First, I wanted to select comments not number grades. I did, however, want the rubric to translate my selections into numerical point values. I also wanted it to compile these values into a grade breakdown and to use them to calculate the overall grade for the assignment. I wanted both of these things to happen automatically based only upon the text I selected.
Second, I intended the comments I selected while grading to be given back to students as part of their feedback, and so, I wanted my rubric to be flexible enough to allow me to revise or add to the prepared text in order to respond specifically to individual students’ work. I also wanted to be able to deviate from the basic grade breakdowns when necessary.
Third, once the grading was done, I wanted my rubric to export document files containing comment sheets that I could return to students either electronically or in hard copy. I wanted these files 1) to compile the comments I’d selected and written and 2) to organize and format them in a useful way. I also wanted the resulting files to be named so as to allow bulk upload to my college’s course management system.

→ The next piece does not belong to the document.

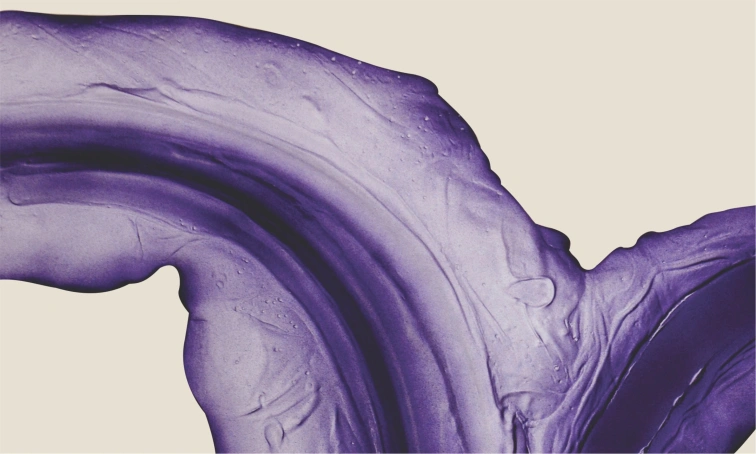 11: Selections of Armenian Contemporary Abstract Art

Finally, I wanted the rubric to be able to travel from semester to semester. In other words, I needed to be able to revise the criteria, descriptors and grade calculation quickly and easily in order to adapt the rubric to new assignments and new classes. If I had to dive under-the-hood regularly, I wouldn’t do it and the whole project would be a waste. I know myself.
The Plan for Posts
Over the next week or so, I’m going to post a short series that explains how my rubric works. I think I can do everything in four posts, so my planned progression is:
If I need to break one of these posts apart to have more room, I’ll update this list to account for the change. That way it can serve as a table of contents.

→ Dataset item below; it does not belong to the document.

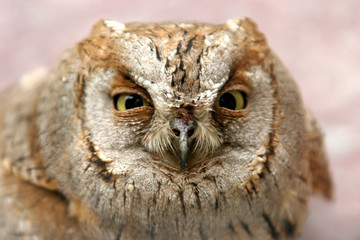 owl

Finally, before moving on, I want to acknowledge that Mark Anderson’s TbRef and his responses to questions on the Tinderbox user forum made the difference between success and failure. Mark Bernstein’s “Actions and Dashboards,” which can be found in the Tinderbox Help menu, was my go-to resource for generating ideas and solving problems. I also relied heavily on other people’s questions and posts at the Tinderbox user forums and the backstage group. So thanks to all.